Like the world of Midnight Cowboy, the film and book, Kroll presents a kind of visual novel that captures the intersection of art, music, photography and sex that were driving forces in the downtown community. Kroll somehow was everywhere at once. Almost in a journalistic capacity but somehow a willing participant in the revelries.
His visual style is both formal and casual simultaneously. There is a knowing wink to the viewer as they are admitted into both public and private settings.
Kroll’s shots have a painterly quality that is repeatedly presented as he delves into the world of street art. Series’ of murals, walls covered in graffiti, and the detritus of tumultuous artist studio interiors exist as their own creations often independent of the subject matter.
Eric’s connection to classic photography is evinced by the remarkable images of the greats that he interacted with. Brassai, Kertesz, Ansel Adams, Mapplethorpe are depicted and I can only wonder how the fuck Eric wound up with a shot of Berenice Abbott.
The experimental and blossoming underground art scene is a major component of the book. Charlotte Moorman plays Nam June Paik in lieu of a cello. A typically brooding Kenneth Anger and an untypical cheerful Joseph Beuys stare at the viewer. All the heavyweights are documented. Of course Andy is central as so much revolved around Andy.
Kroll easily connects the dots and also depicts the downtown music scene. A great sequence of the Dead Boys; Steve Bators rampant on stage at CBGB’s, club kid Madonna, Grace Jones et al.
All these disciplines going on at the same time and I see Eric as a seamless connector who was navigating the social, artistic and journalistic worlds that were where everyone lived. All through it are the sexy images of men and women that I fondly recall. I remember Eric as the sexy photographer who always had great images of the girls. Some of the other stuff in the book has been a revelation to me. This guy has been in the epicenter. When I look at this material I get a very physical connection to the times and people that are depicted, the characters the dirty streets and the excitement and energy that permeated it all.
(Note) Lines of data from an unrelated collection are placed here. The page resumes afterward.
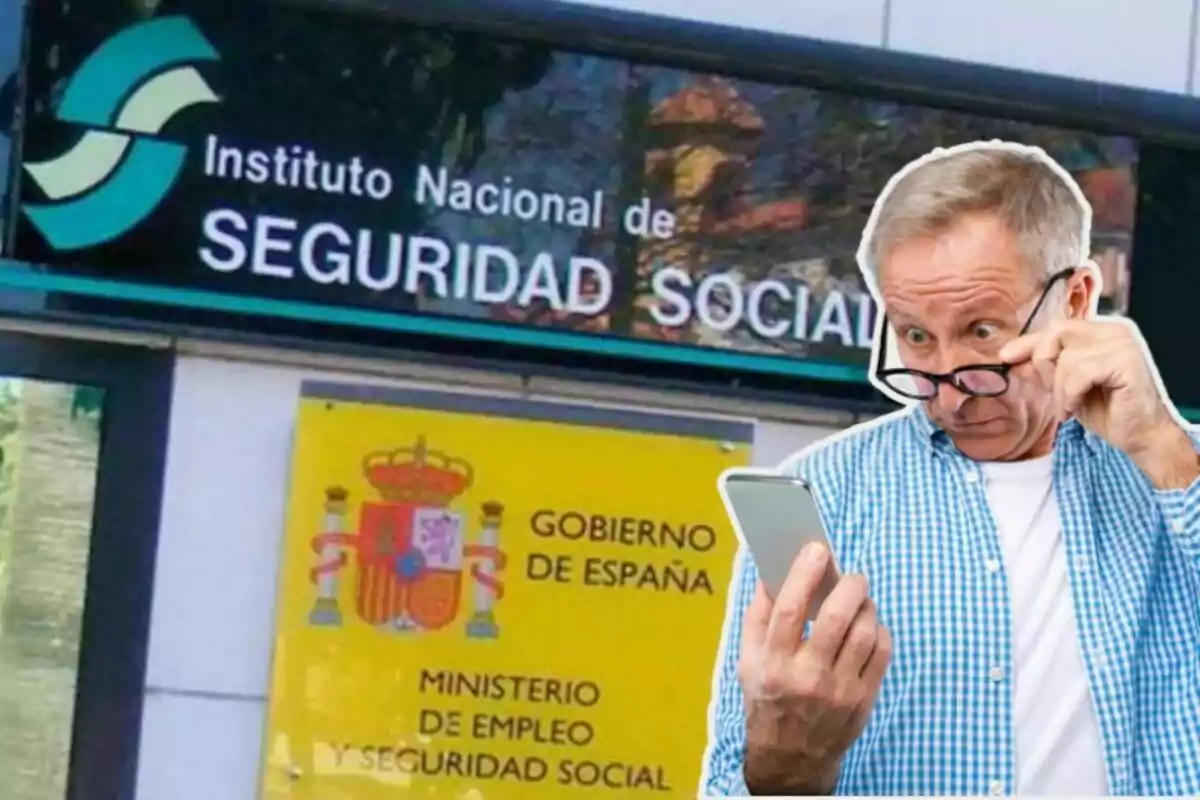 Un hombre mayor con gafas mira sorprendido su teléfono móvil frente a un edificio del Instituto Nacional de Seguridad Social en España.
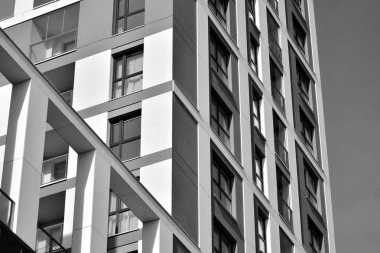 Modern apartmanlar. Modern bir apartman cephe. Siyah ve beyaz.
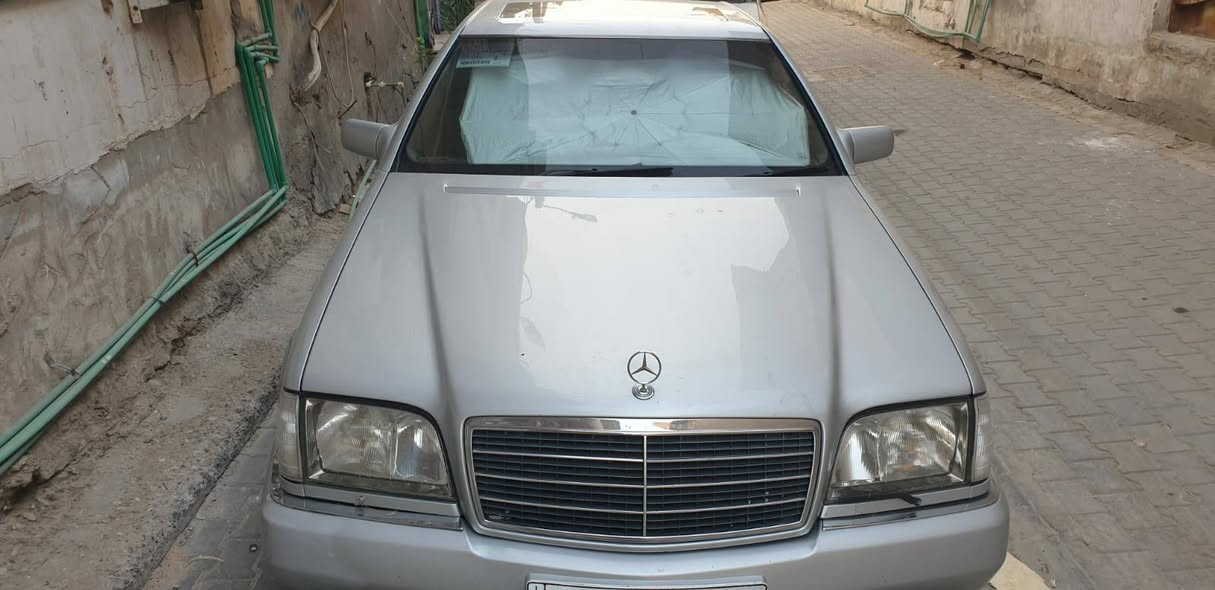سلام عليكم
مرسيدس شبح للبيع 
محرك تابوت 
لسيارة جاهزة 
دبل فيتبم 
دبل جام
دبل هورن
تخم ويل+تاير دلوب 
لبيع رقم السياره بغداد 
ومكان السياره بغداد 
السعر 75وبيه مجال
اي استفسار بخصوص السيارة 
على هذه الرقم ***********

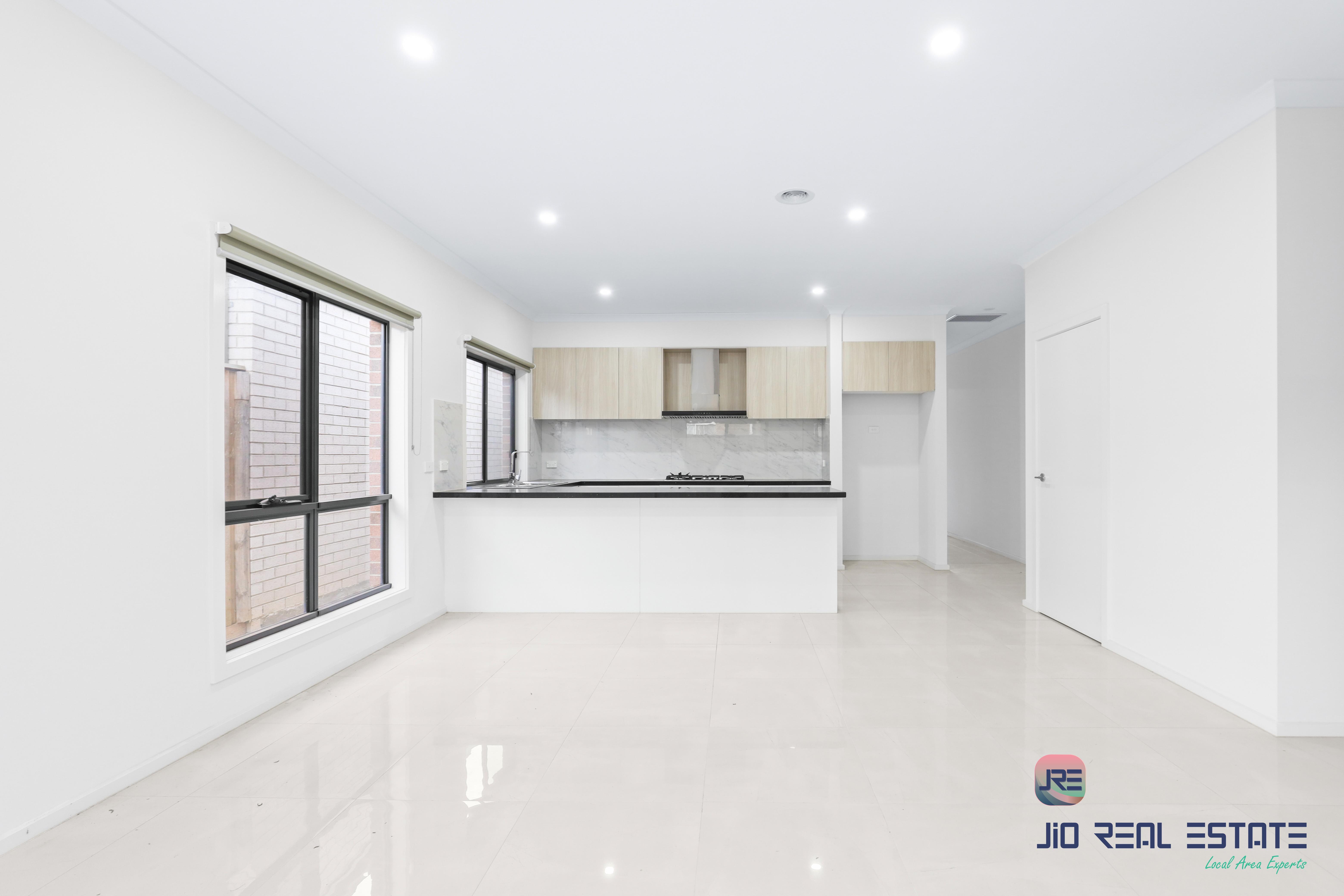 10 Carfin Circuit, Thornhill Park VIC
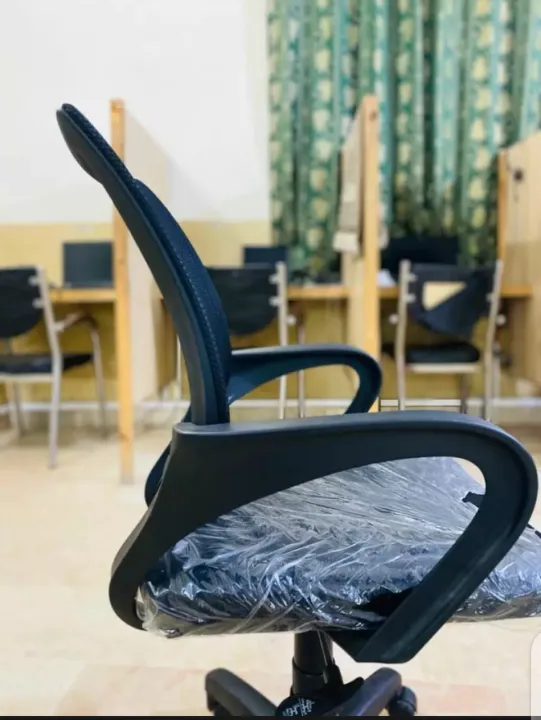 Office%20Chair-%20office%20Revolving%20chair-mesh%20back%20chair%20-%20Image%205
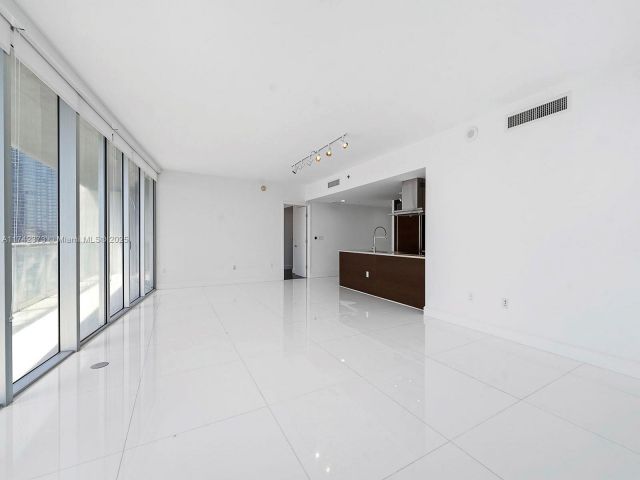 Продажа квартиры #1801 - фото 5614648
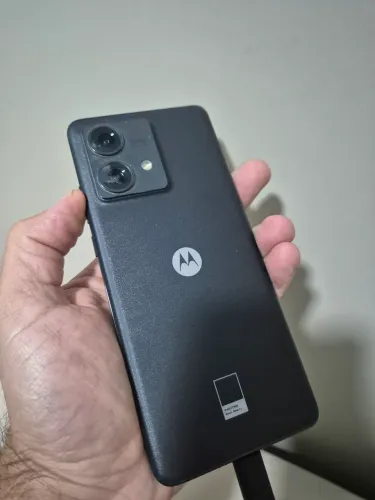 Edge 40 Neo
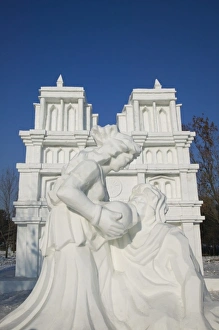 Images Dated 1st February 2008: CHINA, Heilongjiang Province, Haerbin (Harbin). Harbin International Sun Island Snow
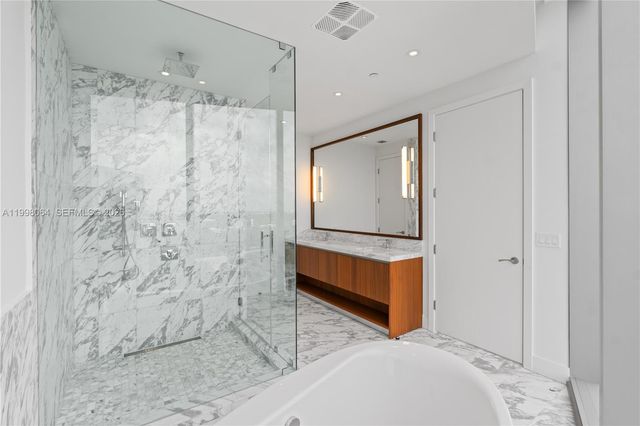 175 SE 25 Rd 2003, Miami, FL 33129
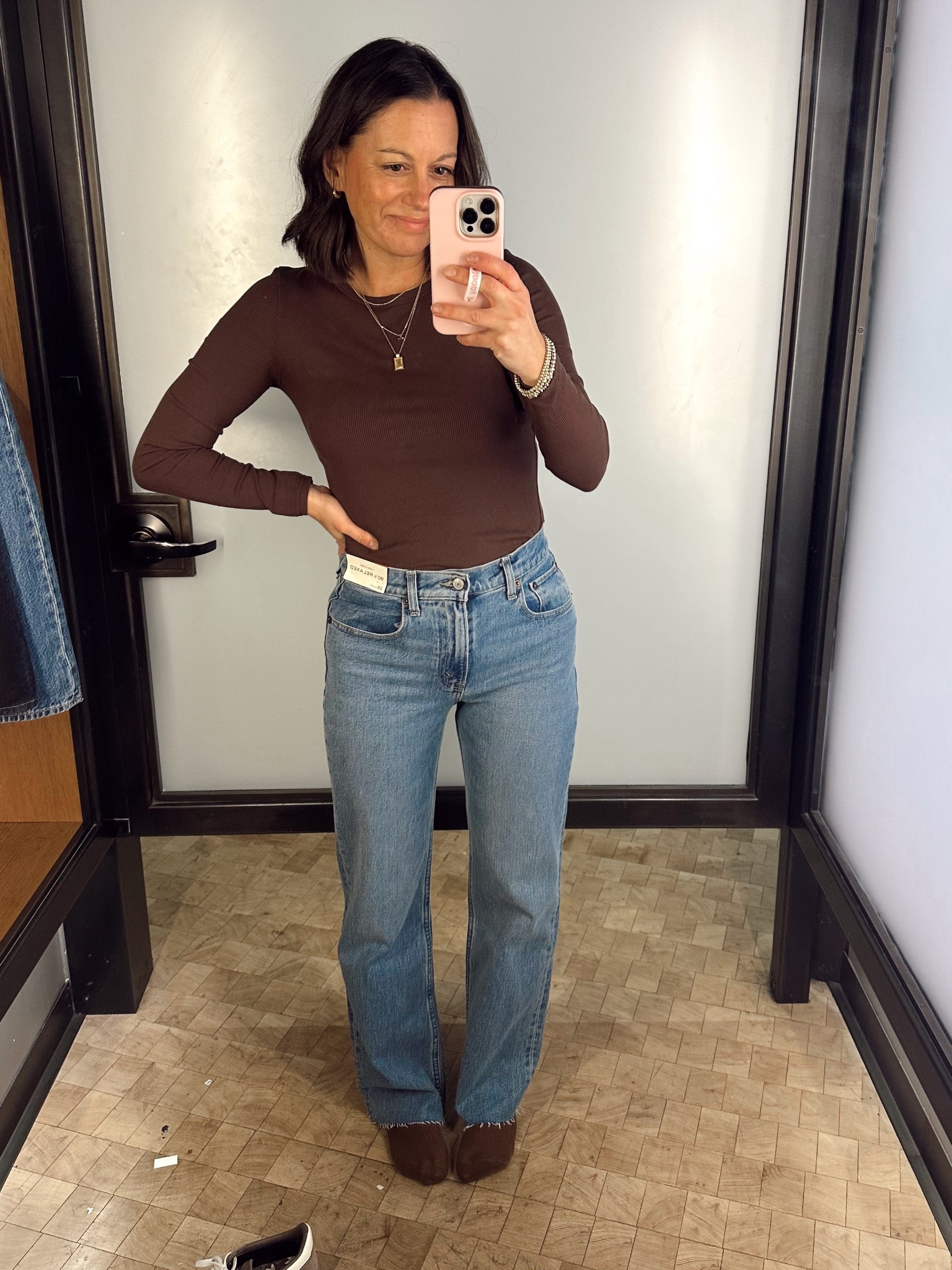 Abercrombie jeans on sale! These relaxed fit jeans run true to size I’m in a 26 short.


#LTKOver40 #LTKmomlife #LTKootd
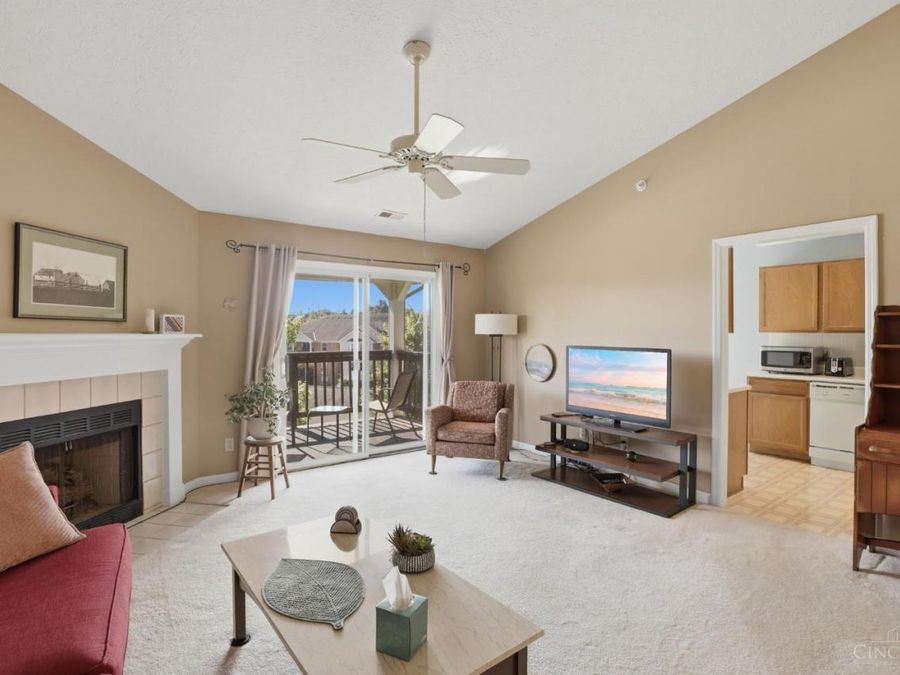 4341 Regency Ridge Court, Unit 304, Green Township, OH 45248 Photo 6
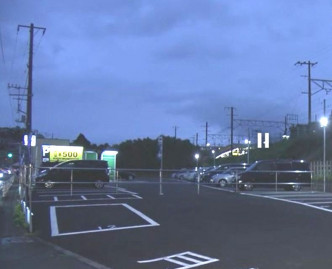 真鹤町一处停车场内的车内发现失踪华妇尸体。NHK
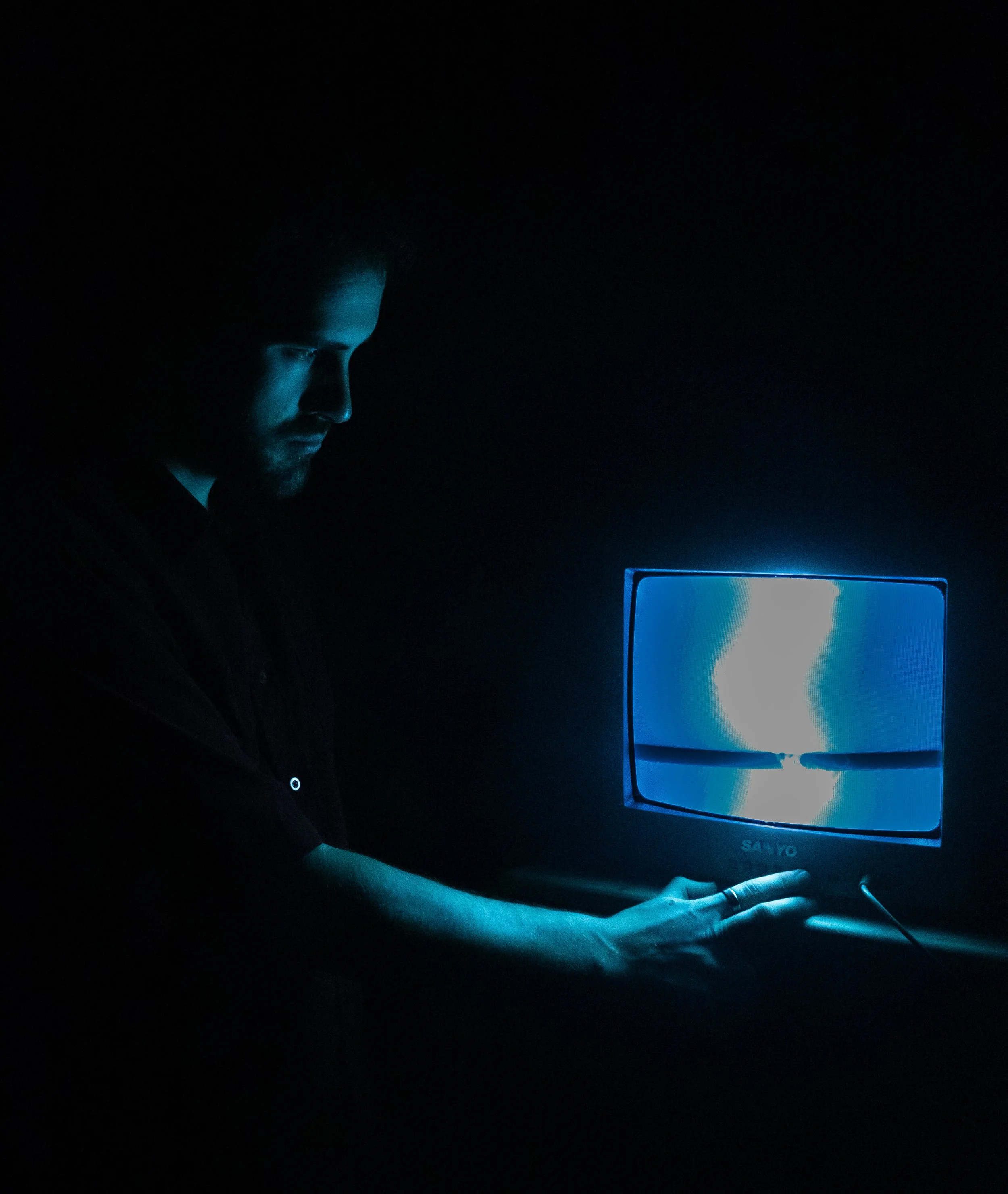 HIV26_Tangente_(in)sight_Entrelacés_photo2_theartofmovementphotography_David Lafleur_Deniz Lim-Sersan.jpg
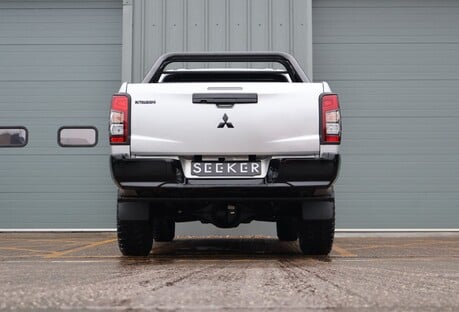 Mitsubishi L200 NEW SHAPE DI-D WARRIOR DCB STYLED BY SEEKER 1 OWNER STUNNING EXAMPLE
Fittingly for me the book ends with a longish section of images of my long time partner and collaborator, Debbie Harry. Like Eric, Debbie existed in many worlds at once; fashion, music, and the art and film scenes.
The phenomena that’s portrayed here has connections to the present day, the city still is powered by these foundations that Eric explored. It’s great to see it all in one place.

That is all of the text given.